TASK GOAL: Please return the records below exactly as they stand.

ENTRIES SHOWN:
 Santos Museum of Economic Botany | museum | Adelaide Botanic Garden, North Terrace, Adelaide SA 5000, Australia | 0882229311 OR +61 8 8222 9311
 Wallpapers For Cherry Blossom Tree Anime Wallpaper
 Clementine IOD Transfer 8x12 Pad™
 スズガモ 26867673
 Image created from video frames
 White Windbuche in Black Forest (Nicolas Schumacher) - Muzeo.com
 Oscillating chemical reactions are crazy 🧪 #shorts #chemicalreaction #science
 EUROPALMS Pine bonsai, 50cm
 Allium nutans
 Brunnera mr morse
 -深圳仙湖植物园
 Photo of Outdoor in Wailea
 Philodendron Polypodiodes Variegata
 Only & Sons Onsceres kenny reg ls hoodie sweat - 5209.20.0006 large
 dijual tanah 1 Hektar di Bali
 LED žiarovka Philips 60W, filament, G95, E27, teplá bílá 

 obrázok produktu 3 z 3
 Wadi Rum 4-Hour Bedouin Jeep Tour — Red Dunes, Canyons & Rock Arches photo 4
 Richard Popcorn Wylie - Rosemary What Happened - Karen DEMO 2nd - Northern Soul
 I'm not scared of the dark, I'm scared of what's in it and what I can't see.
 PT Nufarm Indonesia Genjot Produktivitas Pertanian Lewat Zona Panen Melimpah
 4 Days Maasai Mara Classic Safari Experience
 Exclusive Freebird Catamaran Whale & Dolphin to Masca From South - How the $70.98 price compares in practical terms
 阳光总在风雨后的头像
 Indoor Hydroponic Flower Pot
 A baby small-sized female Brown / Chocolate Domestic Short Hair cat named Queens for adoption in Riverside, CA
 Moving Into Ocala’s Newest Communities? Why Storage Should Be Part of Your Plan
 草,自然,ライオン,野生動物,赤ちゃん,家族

SOLUTION FOR THIS TASK:
 Santos Museum of Economic Botany | museum | Adelaide Botanic Garden, North Terrace, Adelaide SA 5000, Australia | 0882229311 OR +61 8 8222 9311
 Wallpapers For Cherry Blossom Tree Anime Wallpaper
 Clementine IOD Transfer 8x12 Pad™
 スズガモ 26867673
 Image created from video frames
 White Windbuche in Black Forest (Nicolas Schumacher) - Muzeo.com
 Oscillating chemical reactions are crazy 🧪 #shorts #chemicalreaction #science
 EUROPALMS Pine bonsai, 50cm
 Allium nutans
 Brunnera mr morse
 -深圳仙湖植物园
 Photo of Outdoor in Wailea
 Philodendron Polypodiodes Variegata
 Only & Sons Onsceres kenny reg ls hoodie sweat - 5209.20.0006 large
 dijual tanah 1 Hektar di Bali
 LED žiarovka Philips 60W, filament, G95, E27, teplá bílá 

 obrázok produktu 3 z 3
 Wadi Rum 4-Hour Bedouin Jeep Tour — Red Dunes, Canyons & Rock Arches photo 4
 Richard Popcorn Wylie - Rosemary What Happened - Karen DEMO 2nd - Northern Soul
 I'm not scared of the dark, I'm scared of what's in it and what I can't see.
 PT Nufarm Indonesia Genjot Produktivitas Pertanian Lewat Zona Panen Melimpah
 4 Days Maasai Mara Classic Safari Experience
 Exclusive Freebird Catamaran Whale & Dolphin to Masca From South - How the $70.98 price compares in practical terms
 阳光总在风雨后的头像
 Indoor Hydroponic Flower Pot
 A baby small-sized female Brown / Chocolate Domestic Short Hair cat named Queens for adoption in Riverside, CA
 Moving Into Ocala’s Newest Communities? Why Storage Should Be Part of Your Plan
 草,自然,ライオン,野生動物,赤ちゃん,家族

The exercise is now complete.